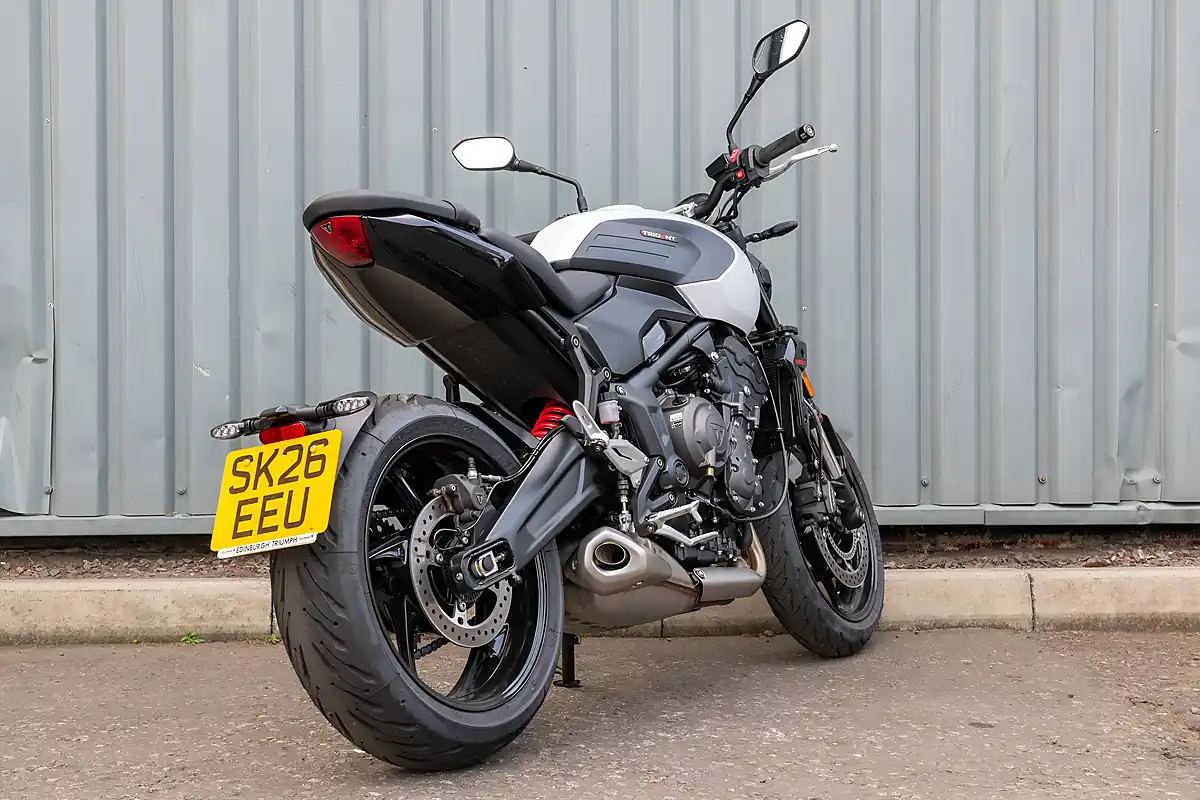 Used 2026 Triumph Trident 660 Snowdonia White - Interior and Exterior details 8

==*==

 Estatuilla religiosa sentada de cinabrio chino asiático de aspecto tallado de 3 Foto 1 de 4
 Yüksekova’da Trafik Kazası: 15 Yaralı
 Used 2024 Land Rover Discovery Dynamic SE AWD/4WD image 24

==*==

Prompt:
Restate word for word only the lines above from the line containing "Estatuilla religiosa sentada" to the line containing "Used 2024 Land", both of them included.

Finished task:
 Estatuilla religiosa sentada de cinabrio chino asiático de aspecto tallado de 3 Foto 1 de 4
 Yüksekova’da Trafik Kazası: 15 Yaralı
 Used 2024 Land Rover Discovery Dynamic SE AWD/4WD image 24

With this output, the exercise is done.